By Amber Penn-Roco
On March 11, 2019, in the wake of the worldwide NoDAPL movement, South Dakota passed a law that prohibits “riot boosting”—an ambiguous term that is broadly written to include both participating in a riot and directing, advising, encouraging or soliciting other people to participate in a riot. The law threatens advocates with fines, civil liabilities, and criminal penalties of up to 25 years in prison.
As outlined by the ACLU in its Complaint, the law targets anti-pipeline protests and protesters. The law was rather obviously passed in response to Indigenous protests against the Dakota Access Pipeline, in hopes of preventing protests in South Dakota against the Keystone XL Pipeline.

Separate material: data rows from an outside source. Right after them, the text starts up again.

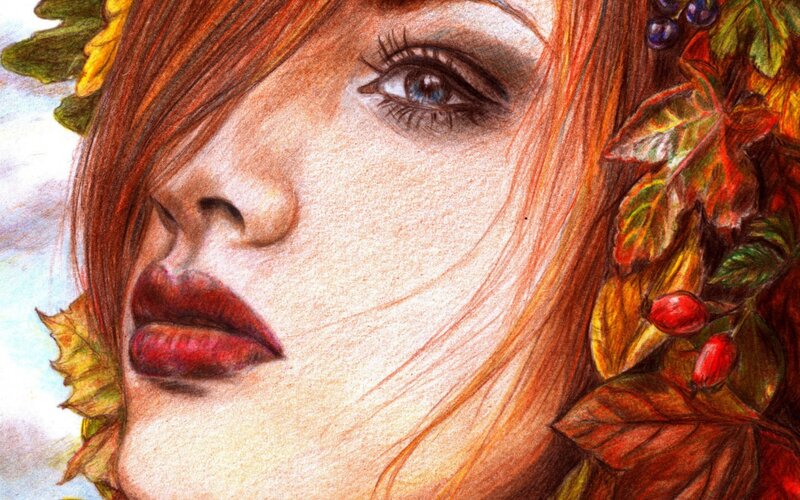 woman with autumn leaves
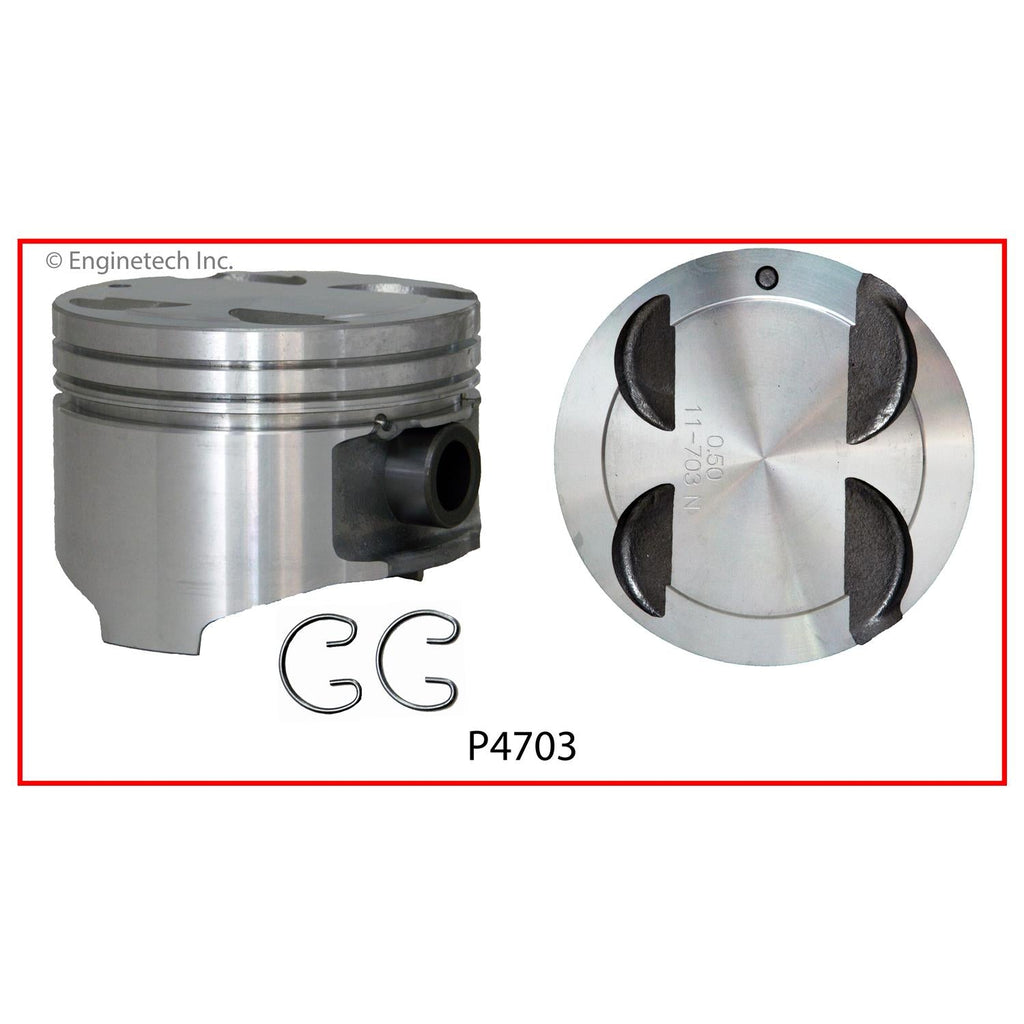 Enginetech P4703(4).50 Engine Piston Set Without Rings for Mazda Protege and Ford Escort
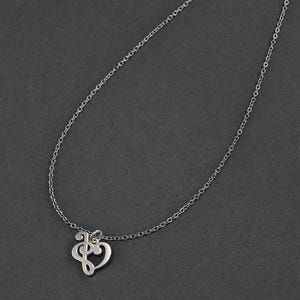 Musik Hinweis Herz Halskette, Halskette G-Notenschlüssel/Bassschlüssel Herz Silber, G-Notenschlüssel Bassschlüssel Herz Notenschlüssel Halskette, Note Schmuck, Geburtstagsgeschenk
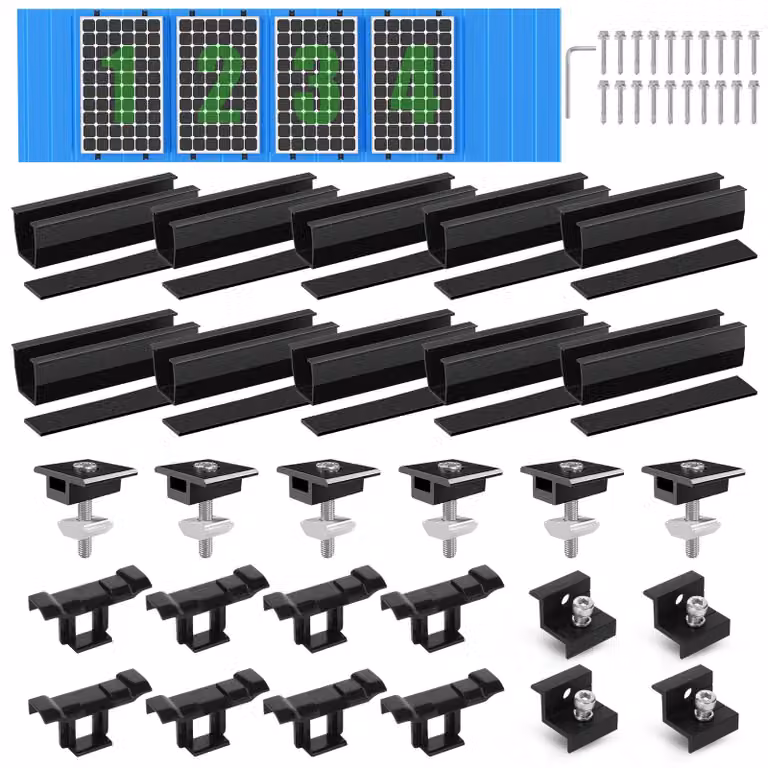 Kit di montaggio per pannelli solari, per 4 moduli, con binario nero da 12 cm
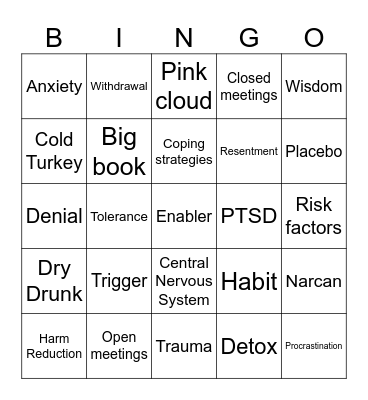 Recovery Bingo Card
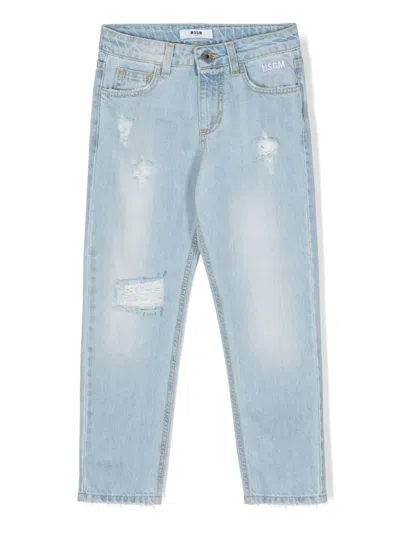 Msgm Kids' Distressed-finish Straight-leg Jeans In Blue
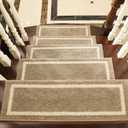 COSY HOMEER Soft Stair Treads Non-Slip Carpet Mat 28inX9in Indoor Stair Runners for Wooden Steps,Stair Rugs for Kids and Dogs, 100% Polyester TPE Backing 4pcs,Beige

The Governor of South Dakota drafted the law in consultation with TC Energy, the company developing the Keystone XL Pipeline. The Governor has been particularly outspoken about water protectors, mischaracterizing them as “out-of-staters who come in to disrupt” and as “paid protesters.”
The ACLU filed its lawsuit on behalf of four organizations: the Sierra Club, NDN Collective, Dakota Rural Action, and the Indigenous Environmental Network; and two individuals: Nick Tilsen with NDN Collective and Dallas Goldtooth with Indigenous Environmental Network. All are currently protesting or are planning to protest the Keystone XL Pipeline.
The ACLU’s suit claims the “riot boosting” law is unconstitutional under the First and Fourteenth Amendments of the Constitution and filed a preliminary injunction motion on April 9, 2019 to prevent the riot boosting law from being enforced. On September 18, 2019, the U.S. District Court issued an Order granting the ACLU’s motion and blocking the enforcement of several provisions of the new law.
U.S. District Court Judge Lawrence L. Piersol wrote: “Imagine that if these riot boosting statutes were applied to the protests that took place in Birmingham, Alabama, what might be the result? . . . Dr. King and the Southern Christian Leadership Conference could have been liable under an identical riot boosting law[.]” Quoting Dr. King, the Judge continued: “’an unjust law is no law at all’ and . . . ‘to deny citizens the First Amendment privilege of peaceful assembly and peaceful protest, then it [permitting] becomes unjust.’”
This is a promising boost for the ACLU and our water protectors.
Amber Penn-Roco is an Associate with the Seattle office of Galanda Broadman, PLLC. Amber’s practice focuses on the protection of tribal environmental, natural and cultural resources. Her practice also includes promoting the economic development of tribes. She is an enrolled member of the Chehalis Tribe.